Scripts for building and testing packages#

The build.sh file is the build script for Linux and macOS and build.bat is the build script for Windows. These scripts contain the logic that carries out your build steps. Anything that your build script copies into the $PREFIX or %PREFIX% folder will be included in your output package.

For example, this build.sh:

build.sh
mkdir -p $PREFIX/bin
cp $RECIPE_DIR/my_script_with_recipe.sh $PREFIX/bin/super-cool-script.sh

There are many environment variables defined for you to use in build.sh and build.bat. Please see environment variables for more information.

build.sh and build.bat are optional. You can instead use the build/script key in your recipe.yaml, with each value being either a string command or a list of string commands. Any commands you put there must be able to run on every platform for which you build. For example, you can't use the cp command because cmd.exe won't understand it on Windows.

Note: auto-discovery of build.sh/build.bat only applies to single-output recipes. In a multi-output recipe, outputs never pick up these files implicitly; set build.script explicitly (either on the individual output or on the top-level build: block) if you want a build script to run.

build.sh is run with bash and build.bat is run with cmd.exe.

recipe.yaml
build:
  script:
    - if: unix
      then:
        - mkdir -p $PREFIX/bin
        - cp $RECIPE_DIR/my_script_with_recipe.sh $PREFIX/bin/super-cool-script.sh
    - if: win
      then:
        - mkdir %LIBRARY_BIN%
        - copy %RECIPE_DIR%\my_script_with_recipe.bat %LIBRARY_BIN%\super-cool-script.bat

Environment variables#

There are many environment variables that are automatically set during the build process.

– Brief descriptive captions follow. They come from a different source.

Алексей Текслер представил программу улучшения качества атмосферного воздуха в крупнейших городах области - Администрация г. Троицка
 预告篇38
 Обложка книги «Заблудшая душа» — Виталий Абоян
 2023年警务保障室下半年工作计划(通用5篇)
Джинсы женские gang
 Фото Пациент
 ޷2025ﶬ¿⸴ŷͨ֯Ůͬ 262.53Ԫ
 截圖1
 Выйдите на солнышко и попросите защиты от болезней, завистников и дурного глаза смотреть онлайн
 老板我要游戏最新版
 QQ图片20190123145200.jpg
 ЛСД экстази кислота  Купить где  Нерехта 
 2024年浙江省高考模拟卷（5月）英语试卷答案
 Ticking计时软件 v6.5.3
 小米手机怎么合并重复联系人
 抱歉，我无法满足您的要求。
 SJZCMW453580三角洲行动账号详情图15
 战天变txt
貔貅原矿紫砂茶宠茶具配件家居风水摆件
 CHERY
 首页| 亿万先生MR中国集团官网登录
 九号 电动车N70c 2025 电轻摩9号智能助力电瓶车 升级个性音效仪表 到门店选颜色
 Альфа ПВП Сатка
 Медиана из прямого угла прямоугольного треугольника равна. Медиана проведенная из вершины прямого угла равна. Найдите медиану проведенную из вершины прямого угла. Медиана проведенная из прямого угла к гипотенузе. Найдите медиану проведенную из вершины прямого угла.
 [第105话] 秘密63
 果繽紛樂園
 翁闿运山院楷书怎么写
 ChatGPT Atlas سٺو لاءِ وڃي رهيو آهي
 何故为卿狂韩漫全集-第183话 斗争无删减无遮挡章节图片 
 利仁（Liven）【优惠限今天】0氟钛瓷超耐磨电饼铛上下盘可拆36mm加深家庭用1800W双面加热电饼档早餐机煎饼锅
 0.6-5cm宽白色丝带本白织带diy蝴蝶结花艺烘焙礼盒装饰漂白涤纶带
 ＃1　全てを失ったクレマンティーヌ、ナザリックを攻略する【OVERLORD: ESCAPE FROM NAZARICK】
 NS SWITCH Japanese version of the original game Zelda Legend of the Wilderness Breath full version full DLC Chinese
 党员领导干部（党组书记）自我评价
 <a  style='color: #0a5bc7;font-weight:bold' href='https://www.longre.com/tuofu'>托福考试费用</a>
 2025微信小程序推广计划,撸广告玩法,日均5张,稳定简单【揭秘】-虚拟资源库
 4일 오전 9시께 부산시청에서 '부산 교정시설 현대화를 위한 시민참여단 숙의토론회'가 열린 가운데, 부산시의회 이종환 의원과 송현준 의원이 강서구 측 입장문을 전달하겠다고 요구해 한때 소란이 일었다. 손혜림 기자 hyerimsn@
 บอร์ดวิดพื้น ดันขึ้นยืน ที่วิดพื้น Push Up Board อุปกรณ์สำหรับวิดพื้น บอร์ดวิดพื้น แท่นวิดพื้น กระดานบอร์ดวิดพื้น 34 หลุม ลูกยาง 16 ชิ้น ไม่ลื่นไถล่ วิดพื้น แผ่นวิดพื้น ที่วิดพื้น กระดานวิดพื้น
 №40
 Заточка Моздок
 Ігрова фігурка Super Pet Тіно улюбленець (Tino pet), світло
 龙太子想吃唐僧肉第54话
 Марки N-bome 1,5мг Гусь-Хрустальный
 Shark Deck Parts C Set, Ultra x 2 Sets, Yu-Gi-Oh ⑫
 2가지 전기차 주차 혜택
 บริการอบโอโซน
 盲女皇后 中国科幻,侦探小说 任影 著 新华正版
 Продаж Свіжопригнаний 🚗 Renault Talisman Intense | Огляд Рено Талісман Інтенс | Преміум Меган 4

However, you can also set your own environment variables easily in the script section of your recipe:

recipe.yaml
build:
  script:
    # Either use `content` or `file` to specify the script
    # Note: this script only works on Unix :)
    content: |
      echo $FOO
      echo $BAR
      echo "Secret value: $BAZ"
    env:
      # hard coded value for `FOO`
      FOO: "foo"
      # Forward a value from the "outer" environment
      # Without `default=...`, the build process will error if `BAR` is not set
      BAR: ${{ env.get("BAR", default="NOBAR") }}
    secrets:
      # This value is a secret and will be masked in the logs and not stored in the rendered recipe
      # The value needs to be available as an environment variable in the outer environment
      - BAZ

Alternative script interpreters#

With Rattler-Build and the new recipe syntax you can select an interpreter for your script.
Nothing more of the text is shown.